I guess I have to say yes, MBI as currently implemented qualifies as another tool in the statistical toolbox. Sander and others would prefer to see frequentist terms describing the uncertainty in the magnitude, which I will provide. If there is a convincing argument for not using the Bayesian terms (e.g., see Point 3 below), then I will remove those terms.

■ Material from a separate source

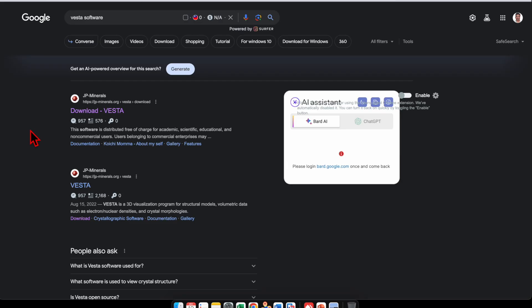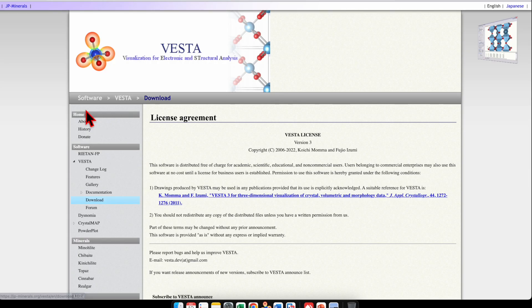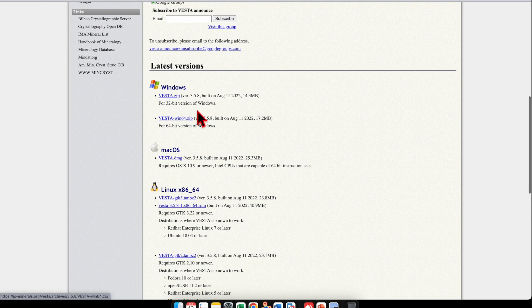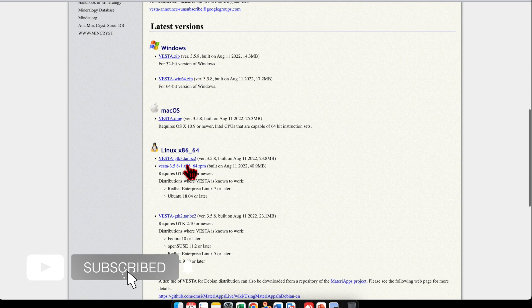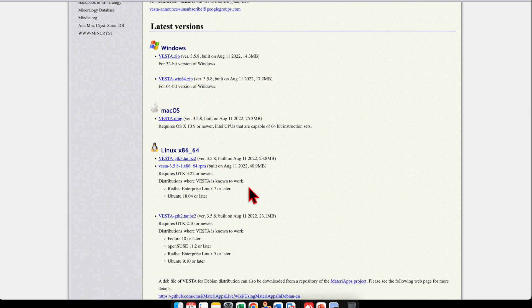Next, if you don't have VESTA software, go ahead and type 'VESTA software' in Google and click on the link. It is a free software — you can download it for Windows, Mac, or Linux.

As far as I can tell, the only remaining point of contention is sample size. I have no problem with anyone who wants to provide a reasonable rationale for a larger minimum desirable sample size. I’m not convinced that Janet and Daniel’s rationale is reasonable, because it involves detecting an effect that is arbitrarily larger than the smallest important, and I can see no justification for the arbitrariness. If others think it’s OK, then fine, put it in the toolbox, with one caution. Studies will continue to be performed with less than the desirable sample size, and some of those studies should be published. What is the criterion for publication in relation to precision of estimation? If Janet and Daniel’s version of MBx has an implicit stricter criterion than that of MBI/MBD, then there is the potential for publication bias: the smaller the relevant p value(s), the greater the bias arising from sampling variation. Adequate precision of estimation for publication of studies with sub-minimal sample size in MBI/MBD would not be associated with substantial publication bias. (BTW, I misrepresented the rationale for sample-size estimation in MBI/MBD in my previous message. The minimum desirable sample size is that which avoids failure to reject both hypotheses, since that means the effect “could be” beneficial and harmful, or substantially positive and negative, which in MBI/MBD is expressed as “unclear”.)

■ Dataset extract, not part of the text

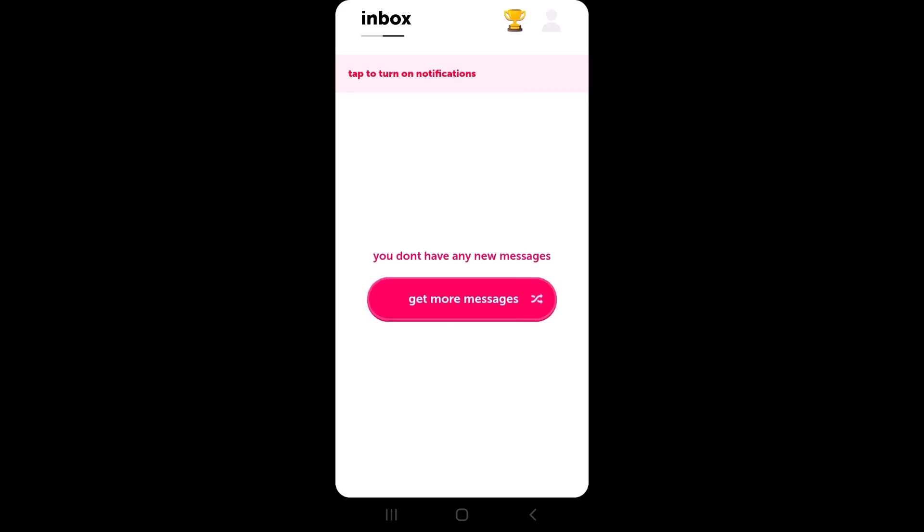After tapping, you'll be able to see the messages, but you will not be able to see who has actually sent you the message — you will not be able to reveal the username. In order to reveal a username, you would normally need a premium account, which means you'd have to pay a certain amount of money.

There are two reasons for researchers to opt for MBI/MBD rather than MBx, as currently proposed.

First, if the Bayesian terms hold up for MBI/MBD, it’s easier for people to understand the uncertainty. Sander has argued (and I hope I am not misrepresenting him–he’ll soon put me in my place otherwise) that “the data and the model are ambiguously compatible with benefit” or “the data and the model are weakly compatible with benefit”, and so on, are perhaps more cautious and more in keeping with Popperian philosophy than the Bayesian versions “the data and the model are consistent with possible benefit” or “the data and the model are consistent with likely benefit”, and so on. Researchers will probably shorten the frequentist statements to “the evidence for benefit is ambiguous”, “the evidence for benefit is weak” (unfortunately these sound similar), and so on, while the Bayesian terms will become simply “the effect is possibly beneficial”, 'the effect is likely beneficial", and so on. Obviously it is important for researchers to be up-front with the limitations of their data and model, whichever way they express the outcome.

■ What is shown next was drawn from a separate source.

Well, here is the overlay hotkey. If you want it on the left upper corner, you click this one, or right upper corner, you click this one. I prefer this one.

Secondly, MBI/MBD has a smaller minimum desirable sample size than MBx. At this point I get accused of promoting small-sample studies, but I hasten to point out that studies with the kind of sample size estimated for MBI/MBD would be regarded as acceptable, if not large, in exercise and sport science, and probably in psychology and other empirical disciplines. For a simple comparison of means using standardization for the smallest effect (Cohen’s d = 0.20), the sample size is 135 in each of the two groups. For a correlation, where 0.10 is the smallest, the sample size is 270. For a crossover of competitive athletic performance it’s 62, and for a controlled trial it’s 118 in each of the two groups (unheard of!). For a prospective study of injury with a smallest important hazard ratio of 1.11 (or 0.90 for reduction in risk), it’s 2020 (also rare!), assuming 50% incidence in the unexposed group and 50% exposure, and much more than 2020 for lower incidence and exposure. Of course, researchers will do studies with smaller sample sizes than these, so now you have to decide at what point the study is publishable. I have yet to see another inferential method that works better than MBI/MBD for decision-making and publishing of small-sample studies, but that doesn’t mean I promote such studies. Give me a break, please, guys.